(Editor’s note: The following was submitted as a letter to The People Speak. This newspaper agrees with the writer’s opinion on this topic.)
As I attended the Veterans Day Ceremony at the Appling County Courthouse last Saturday it occurred to me that things had really changed through the years. In the last half of the 1950’s and the first half of the 1960’s I remember vividly the Veterans Day parade and celebration in the City of Baxley. The Parade would begin around Tollison Street and end at the city gymnasium where a bountiful feast of Bar-B-Q, Brunswick stew and chicken and rice was provided. There would be bands from the elementary and high schools and sometimes an out of town school band. Sometimes we would have military or VFW band. The members of the American Legion and VFW would march along with some military units. Boy Scouts, Cub Scouts and Girl Scouts would also be in the parade. The Citizens and their children would line the streets by the hundreds. I marched in all those parades as a band member. Everyone would be wearing a red poppy to honor the Veterans. (The reason that the red poppies were worn was because the poppy was a small red flower that grew on the battlefields of France among the death and blood from the men who died fighting for their country).

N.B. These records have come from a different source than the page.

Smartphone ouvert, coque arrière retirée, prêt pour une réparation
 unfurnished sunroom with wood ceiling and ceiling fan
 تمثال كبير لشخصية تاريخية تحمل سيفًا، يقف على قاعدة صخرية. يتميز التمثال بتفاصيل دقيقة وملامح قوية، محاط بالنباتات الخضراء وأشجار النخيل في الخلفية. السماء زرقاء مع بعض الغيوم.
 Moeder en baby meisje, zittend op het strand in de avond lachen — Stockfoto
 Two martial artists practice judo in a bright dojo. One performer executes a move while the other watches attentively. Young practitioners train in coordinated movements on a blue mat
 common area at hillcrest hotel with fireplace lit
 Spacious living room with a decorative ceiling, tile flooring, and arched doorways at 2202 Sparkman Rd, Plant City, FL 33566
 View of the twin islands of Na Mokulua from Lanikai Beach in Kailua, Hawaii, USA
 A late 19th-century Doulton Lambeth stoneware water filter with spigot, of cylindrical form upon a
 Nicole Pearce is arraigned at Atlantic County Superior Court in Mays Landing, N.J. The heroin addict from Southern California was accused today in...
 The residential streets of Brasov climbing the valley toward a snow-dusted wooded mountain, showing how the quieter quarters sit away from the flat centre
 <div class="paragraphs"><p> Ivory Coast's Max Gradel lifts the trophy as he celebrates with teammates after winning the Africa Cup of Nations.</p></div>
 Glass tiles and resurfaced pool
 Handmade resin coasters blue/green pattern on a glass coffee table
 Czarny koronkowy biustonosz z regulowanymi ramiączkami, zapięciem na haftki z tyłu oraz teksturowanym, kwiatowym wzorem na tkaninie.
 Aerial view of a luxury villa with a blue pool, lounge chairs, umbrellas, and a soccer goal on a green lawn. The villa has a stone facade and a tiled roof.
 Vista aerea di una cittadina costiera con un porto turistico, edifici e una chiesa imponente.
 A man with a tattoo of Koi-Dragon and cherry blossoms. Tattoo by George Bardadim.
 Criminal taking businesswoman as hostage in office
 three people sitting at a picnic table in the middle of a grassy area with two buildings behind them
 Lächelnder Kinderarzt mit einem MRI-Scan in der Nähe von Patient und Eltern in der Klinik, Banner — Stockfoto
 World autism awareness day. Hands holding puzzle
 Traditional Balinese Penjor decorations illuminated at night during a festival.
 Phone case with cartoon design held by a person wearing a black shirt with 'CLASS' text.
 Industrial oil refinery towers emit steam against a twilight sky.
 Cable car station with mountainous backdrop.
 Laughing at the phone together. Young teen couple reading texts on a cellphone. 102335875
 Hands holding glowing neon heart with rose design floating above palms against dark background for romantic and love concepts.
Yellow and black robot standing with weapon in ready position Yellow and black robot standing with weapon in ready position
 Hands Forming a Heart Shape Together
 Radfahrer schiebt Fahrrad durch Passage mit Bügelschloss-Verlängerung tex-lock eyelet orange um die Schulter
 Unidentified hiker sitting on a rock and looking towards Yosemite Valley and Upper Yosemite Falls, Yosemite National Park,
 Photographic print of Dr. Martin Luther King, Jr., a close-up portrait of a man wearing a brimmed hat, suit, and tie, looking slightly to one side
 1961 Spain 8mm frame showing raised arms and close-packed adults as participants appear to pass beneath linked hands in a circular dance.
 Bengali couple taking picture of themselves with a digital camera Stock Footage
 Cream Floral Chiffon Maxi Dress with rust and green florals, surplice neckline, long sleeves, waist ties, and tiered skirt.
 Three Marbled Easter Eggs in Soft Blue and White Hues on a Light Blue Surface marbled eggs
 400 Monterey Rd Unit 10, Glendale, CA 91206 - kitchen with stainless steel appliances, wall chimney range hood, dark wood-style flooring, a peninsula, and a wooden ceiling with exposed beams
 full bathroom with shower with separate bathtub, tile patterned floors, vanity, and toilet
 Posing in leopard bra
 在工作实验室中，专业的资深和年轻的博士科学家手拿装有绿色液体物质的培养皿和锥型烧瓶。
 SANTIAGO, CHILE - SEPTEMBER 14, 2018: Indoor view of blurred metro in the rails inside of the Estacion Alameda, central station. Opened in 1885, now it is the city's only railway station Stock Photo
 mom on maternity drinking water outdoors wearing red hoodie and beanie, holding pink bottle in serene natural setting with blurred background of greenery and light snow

In Flanders fields the poppies blow
Between the crosses, row on row,
that mark our place; and in the sky
the larks, still bravely singing, fly
scarce heard amid the guns below.
We are the Dead. Short days ago
we lived, felt dawn, saw sunset glow,
loved, and were loved, and now we lie
in Flanders Fields.
Take up our quarrel with the foe:
to you from failing hands we throw
the torch; be yours to hold it high.
If ye break faith with us who die
We shall not sleep, though poppies grow
in Flanders Fields.
- John McCrae- 1915
The attendance was sparse for the ceremony to honor those who have fought to preserve our freedom and marks a problem that I perceive is not just indigenous to our community but is systemic of our country. We have forgotten how to show our respect and thanks and to give honor to those who served our country. The ‘Greatest Generation’ is passing on and their number is smaller by the year. My Father and Uncles to a man heard the call of their country and answered here I am. They went and served and fought in foreign lands (thank God not here) because their country needed them. Their generation knew how to thank them and celebrate their sacrifice. We also honored the Korean Veterans but never as a country understood how to treat the Vietnam Veterans. We now have Gulf War Veterans and Iraqi Freedom Veterans and we need to figure out how and again begin to give them their due. We had soldiers from the Third Infantry Division from Fort Stewart in the ceremony and I wish that Appling County could have shown them more support. I give credit to those County and City officials that took time out of their busy schedules to take part in the event. I do not know the answer. I have just observed the problem but we sure need to learn how to show our appreciation to those who enable us to have all the freedoms that United States Citizens enjoy.